The United Japanese Society of Hawaii honored 24 new 80-year-olds at its annual “Nenchosha Ian Engei Taikai” program on Sept. 28 at the Japanese Cultural Center of Hawai‘i’s Manoa Grand Ballroom. The program is held in conjunction with the observance of “Keiro no Hi,” or “Respect for the Aged Day,” which is a national holiday in Japan. UJSH asks the various O‘ahu kenjinkai, senior citizen clubs and community centers to identify its new octogenarians so that UJSH can recognize them at the Nenchosha Festival. This year’s new octogenarians were born in 1939.
The program opened with a lively taiko performance by Wahiawä-based Ryugen Taiko and the Japanese dance, “Kotobuki Sambaso,” performed by Bando Michiye II (Estelle Araki).
UJSH president Rev. Akihiro Okada welcomed the 250 people in attendance, offering his “sincere appreciation to the nenchosha (elders) for teaching and passing on significant values to younger generations. The younger generation grew up by watching you,” he told the honorees. “Please take care and live a long life with happiness and joy.”
Gov. David Ige said there is much that can be learned from our seniors. He called them “the silent generation” — the generation that appreciated their family, was fiercely determined, and that possessed an inspiring work ethic and a commitment to their community.
Consul General Ito thanked the UJSH for organizing the Nenchosha Ian Engei Taikai and for perpetuating and preserving Japanese heritage in Hawai‘i.

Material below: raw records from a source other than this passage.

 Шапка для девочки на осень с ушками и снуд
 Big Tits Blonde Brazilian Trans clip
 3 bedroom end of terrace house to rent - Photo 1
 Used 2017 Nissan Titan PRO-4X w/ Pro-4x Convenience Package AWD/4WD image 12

Honored were: Nancy Akamichi, Laura Doi, William Doi, Ellen Fujihara, Jane Fujii, Roy Hamasaki, Hiroshi Honda, Kenneth Hosaka, Owen Iha, Helen Iha, Jeanne Inouye, Kathy Kaneshiro, Asako Kitahara, Ryosho Kokuzo, Edith Ko‘omoa, Lei Reiko Learmont, Fusayo “Fussy” Nagai, Robert Nagao, Yukihide Nakama, Hiroko Okabe, Mary Sueda, Yoshiko Sickels, Kazue Uechi and Janice Yokooji.
Each honoree was introduced individually, presented a certificate, and then had their photo taken with Gov. Ige, first lady Dawn Amano-Ige, Consul General of Japan Koichi Ito, UJSH president Okada and current Cherry Blossom queen Lauren Sugai. They were also treated to a buffet lunch and a program of music and dance and were presented a gift bag of goodies.

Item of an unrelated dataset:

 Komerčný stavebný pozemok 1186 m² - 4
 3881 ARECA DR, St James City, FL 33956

Fusayo Nagai, past president of the Hawaii Fukuoka Kenjin Kai, and Robert Nagao, past president of the Honolulu Hiroshima Kenjin Kai, spoke on behalf of their fellow octogenarians. Nagai thanked the UJSH for honoring the new nenchosha with the special program. She encouraged her fellow honorees to live long and healthy lives. “Our honorees have contributed much to society,” she said.
“Hontö ni arigatai (We’re truly very grateful),” said Robert Nagao, adding that he and his fellow octogenarians can now add celebrating their beiju, or auspicious 88th birthday, to their bucket list.

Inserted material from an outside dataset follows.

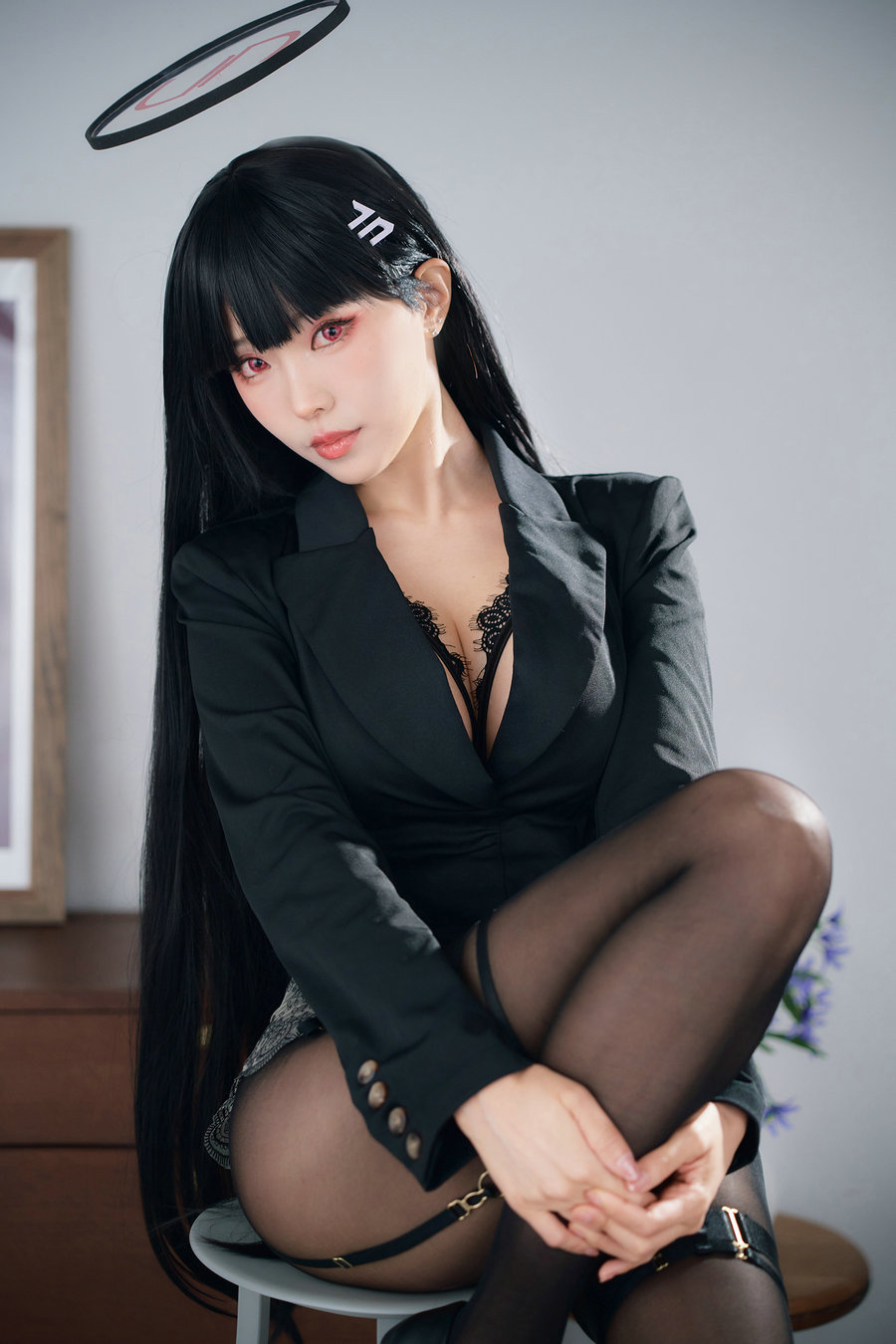 Ely_eee(ElyEE子) - 莉音 秘密吊带 [37P-72MB]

UJSH past president Ken Saiki led the audience in a rousing banzai to the honorees.
The entertainment program included a mix of songs, dances and even some magic by Roy Hamasaki, one of the new nenchosha. Audience favorites included the duets by 2018-19 Cherry Blossom Festival queen Melanie Carrie and Charles Mukaida singing “Only Us” from the Broadway musical, “Dear Evan Hansen,” and the Teruya brothers — Tanner and Devin — who congratulated their grandmother, Fusayo Nagai, for being one of the honorees and then sang one of their audience favorites, “The Prayer.”
Chinagu Eisa Hawaii closed the program with an eisä number, followed by a closing tejime (Japanese ceremonial hand-clapping) led by UJSH past president Christine Kubota.
UJSH member Karen Kuba-Hori chaired the Nenchosha Ian Engei Taikai event.